Delta and Northwest estimate the corporate wedding will save $1 billion through sharing resources, while simultaneously expanding service with more direct international flights to their combined 176 million customers. But Delta’s nonpilot employees, from baggage handlers to flight attendants, worry about where the cost savings really will come from. For decades, Delta’s nonpilot employees never unionized or formalized benefit plans with employers. Now, they may be regretting it, especially when it comes to retirees’ health benefits. “There is no bottom,” says Cathy Cone, founder of Delta Air Lines Retirement Committee (DALRC). “Now, they could give us a Band-Aid for health care if they wanted.”

Delta’s employees traditionally enjoyed substantial benefits without a union. “The reason we had the trust and didn’t need a contract was because Delta always provided us with better paying benefits and used industry standards,” Cone says. But now, “they’ve thrown those standards out the door.”

The arrangement worked out until 2002, Cone says, when Delta started paring down the special treatment: scrapping its over-65 retirement program and raising premium costs. “Today, if you are a retiree and did not retire under an early-out program you pay $540 per month for your premium alone,” Cone says. “That same premium in 2002 was $210 with the deductibles. Delta retirees worked for decades to earn these health-care benefits that have been stripped away and today, retirees face the risk of losing their health care all together.”

Cone, who has worked for Delta for 35 years, including more than 20 years as a flight attendant, believes the merge itself was motivated by executive profit rather than rising fuel costs. “A merger won’t reduce the cost of fuel. This is not about fuel; this is about greed,” Cone says.

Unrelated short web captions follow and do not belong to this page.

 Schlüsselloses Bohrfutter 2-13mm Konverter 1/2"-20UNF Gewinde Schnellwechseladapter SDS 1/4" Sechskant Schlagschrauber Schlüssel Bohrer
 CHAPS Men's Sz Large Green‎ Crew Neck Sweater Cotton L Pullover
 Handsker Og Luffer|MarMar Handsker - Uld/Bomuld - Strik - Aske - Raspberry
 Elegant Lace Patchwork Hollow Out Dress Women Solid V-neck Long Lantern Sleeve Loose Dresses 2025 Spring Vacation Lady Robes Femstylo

Delta spokesman Anthony Black believes the reaction from Cone is unwarranted—especially since it was her DALRC that helped set up Delta’s historic nonunion benefits. “It’s a little bit odd, now the same group is saying, ‘Oh, because we don’t have a contract now, things are going to change,’” Black says. “Even though, on multiple levels, they’re better than their counterparts [at other airlines].”

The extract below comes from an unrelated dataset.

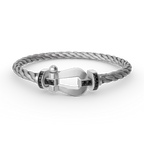 ??MIRA?¡¥FORCE LARGE HORSESHOE BLACK DIAMOND BRACELET SILVER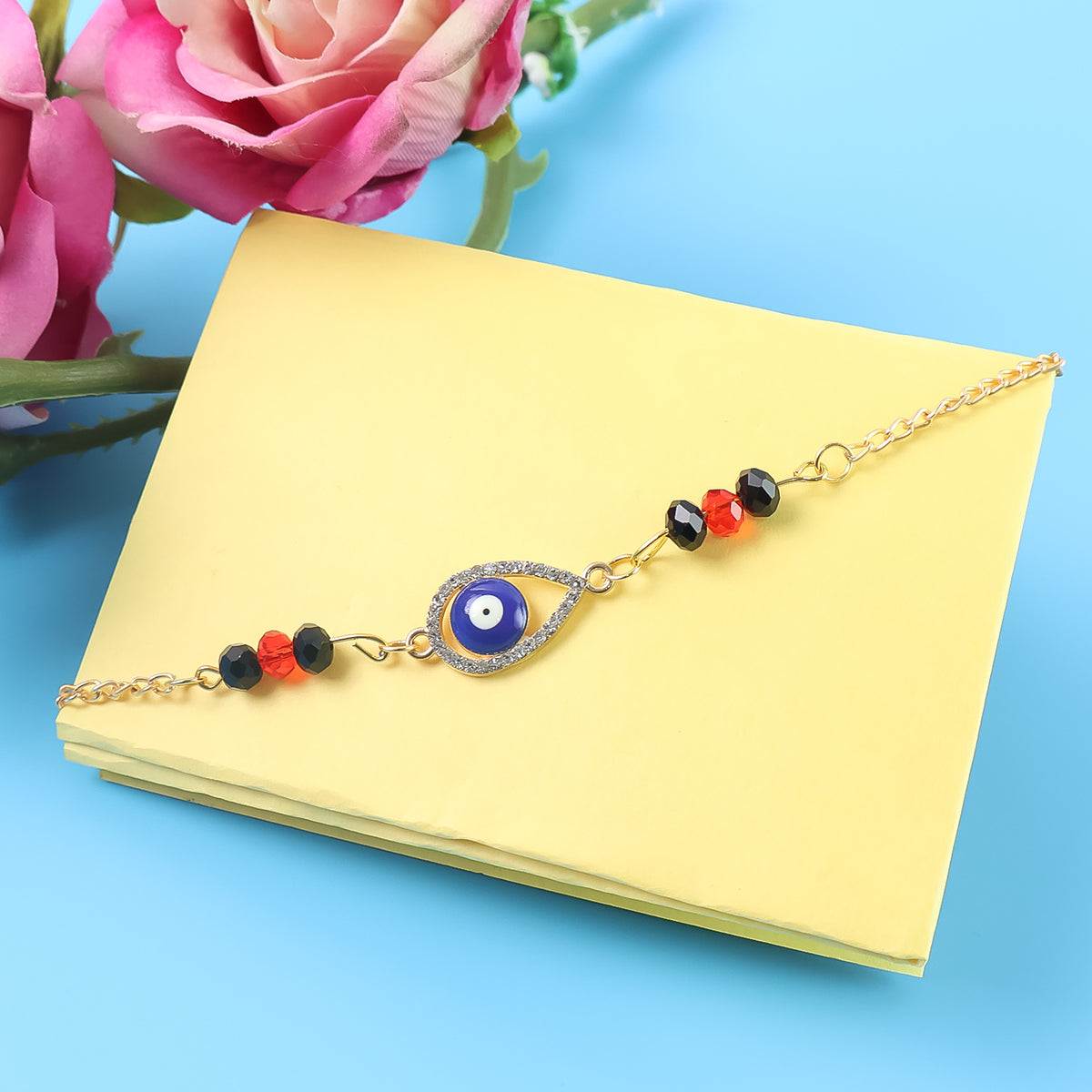 Royal Nazar Rakhi  Premium Evil Eye Protection Thread With Ornate Beads  Golden Chain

“Right now, they have a policy manual subject to change at the whim of the company,” says Kevin Griffin, president of the Northwest Airlines Flight Attendant Association. A company guaranteeing employee benefits on just a handshake isn’t reassuring, Griffin says. “They need to secure their future with something written down that is legally binding.”

Black, however, contends the flexibility the company has by working around unions is still worth it, citing a recent generous retirement package that offers free lifetime standby flights for employees. “We had over 3,000 sign up for the program,” Black says. “You can’t negotiate a deal like that with unions.”

Cone says it was this same generous program that recently hindered employee-lobbying efforts, as the retirees who took early retirement are now unable to unionize.

“They offered me and thousands of other retirees an early-out package that included no cost for my insurance premium, deductibles, co-pays or out of pockets and shortly after we signed on the dotted line, the deductibles, co-pays and out of pockets increased dramatically,” Cone says.

“The majority of Delta retirees live on a pension of less than $1,670 a month and, for two people, paying $1,080 for their insurance premium alone,” Cone says, citing lower premiums at carriers like Northwest paying $18 to $180 for two people per month.

Black still points out that Delta and Northwest have gone the extra mile to safeguard pensions. The Pension Protection Act of 2006, he says, allowed Delta and Northwest to better guarantee pension payments for employees by stretching them out over a longer period of time.

But, with unions and contracts backing up everyone in the deal except for Delta’s tens of thousands of nonpilot employees, Cone remains doubtful. “We have a difficult time trusting what Delta has to say because Delta’s good intentions have become broken promises.”